O PS e o PSD juntaram-se para resolverem um problema criado pelo Parlamento sem que, aparentemente, os partidos tenham dado conta, e que permitia ao Ministério Público (MP) o acesso directo a comunicações privadas sem ordem de um juiz em processo de fraude e contrafacção. Esta regra, que já tinha sido vetada pelo Presidente da República depois de o Tribunal Constitucional (TC) a ter “chumbado”, foi agora retirada do diploma por proposta dos dois maiores partidos para que o decreto possa ser promulgado - e foi apoiada por todos os partidos, embora o CDS se tenha abstido.

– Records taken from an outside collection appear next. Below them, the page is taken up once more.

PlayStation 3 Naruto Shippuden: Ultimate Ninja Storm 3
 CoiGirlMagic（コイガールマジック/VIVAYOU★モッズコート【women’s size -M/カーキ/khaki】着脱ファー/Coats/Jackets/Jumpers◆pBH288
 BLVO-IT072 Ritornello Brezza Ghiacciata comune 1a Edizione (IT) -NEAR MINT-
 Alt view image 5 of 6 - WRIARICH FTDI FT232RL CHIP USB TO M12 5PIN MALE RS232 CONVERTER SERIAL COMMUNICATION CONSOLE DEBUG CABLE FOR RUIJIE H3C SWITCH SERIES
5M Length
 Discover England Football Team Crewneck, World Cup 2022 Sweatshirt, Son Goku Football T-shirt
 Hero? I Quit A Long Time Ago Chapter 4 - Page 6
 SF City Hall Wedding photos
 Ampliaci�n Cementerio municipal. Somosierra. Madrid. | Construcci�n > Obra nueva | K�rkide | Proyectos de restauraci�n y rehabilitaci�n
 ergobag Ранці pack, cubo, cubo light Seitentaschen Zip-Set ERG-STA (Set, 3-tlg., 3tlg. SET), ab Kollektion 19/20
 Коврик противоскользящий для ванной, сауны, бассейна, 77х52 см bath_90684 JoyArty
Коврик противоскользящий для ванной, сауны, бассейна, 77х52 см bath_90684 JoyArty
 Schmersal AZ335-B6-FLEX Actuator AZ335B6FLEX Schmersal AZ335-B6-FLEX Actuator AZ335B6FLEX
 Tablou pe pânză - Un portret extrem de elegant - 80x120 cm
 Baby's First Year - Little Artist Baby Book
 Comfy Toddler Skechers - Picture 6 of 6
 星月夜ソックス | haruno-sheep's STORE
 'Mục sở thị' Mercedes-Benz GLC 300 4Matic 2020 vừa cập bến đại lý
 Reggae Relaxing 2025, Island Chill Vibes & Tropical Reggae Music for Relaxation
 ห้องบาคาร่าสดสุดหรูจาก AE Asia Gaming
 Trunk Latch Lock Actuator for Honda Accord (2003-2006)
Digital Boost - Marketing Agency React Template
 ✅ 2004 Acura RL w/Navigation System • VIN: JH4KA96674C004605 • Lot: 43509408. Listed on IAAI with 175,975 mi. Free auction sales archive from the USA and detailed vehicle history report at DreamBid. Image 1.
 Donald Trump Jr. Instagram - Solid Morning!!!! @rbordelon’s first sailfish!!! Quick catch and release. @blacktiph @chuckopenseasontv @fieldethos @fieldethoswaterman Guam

A Lei do Cibercrime, que transpõe a directiva europeia “relativa ao combate à fraude e à contrafacção de meios de pagamento que não em numerário” e que acabava por definir um regime distinto do da apreensão de correspondência previsto no Código de Processo Penal, deriva de uma proposta de lei do Governo e foi aprovada em votação final global no Parlamento a 20 de Julho com os votos a favor do PS, PSD, BE, PAN, PEV, Chega e das deputadas não-inscritas, e a abstenção do PCP, CDS e IL.

Porém, apesar da aprovação pelo PS, o assunto não foi pacífico dentro da bancada socialista, com o deputado José Magalhães a levantar dúvidas sobre a sua constitucionalidade – chegou a ponderar pedir a avocação precisamente daquele artigo em plenário mas acabou por não se aperceber da marcação da votação final global - e a apelar, logo na altura, a que Marcelo enviasse o diploma para o TC.

No acórdão, os juízes consideravam que as normas que permitiam tal acesso ser o aval prévio de um juiz resultariam numa “restrição dos direitos fundamentais à inviolabilidade da correspondência e das comunicações e à protecção dos dados pessoais no âmbito da utilização da informática, enquanto manifestações específicas do direito à reserva de intimidade da vida privada, em termos lesivos do princípio da proporcionalidade”. Por isso, poderia estar em causa uma “violação do princípio da reserva de juiz e das garantias constitucionais de defesa em processo penal”.

O dito artigo agora retirado constava da proposta de lei que transpõe a directiva europeia e tinha como objectivo “clarificar o modelo de apreensão de correio electrónico e da respectiva validação judicial”. Permitia ao MP ordenar ou validar a apreensão de comunicação “sem prévio controlo do juiz de instrução criminal”, o que faz com que a passagem dos dados pelas mãos de um juiz aconteça apenas depois de o Ministério Público analisar o respectivo conteúdo. 

Uma alteração que levou a Comissão Nacional de Protecção de Dados (CNPD) a dar um parecer negativo à proposta por introduzir “restrições adicionais e não fundamentadas aos direitos, liberdades e garantias à inviolabilidade das comunicações e, reflexamente, à protecção de dados pessoais” e diz mesmo ser “insondável a razão da sua inclusão na Lei do Cibercrime”.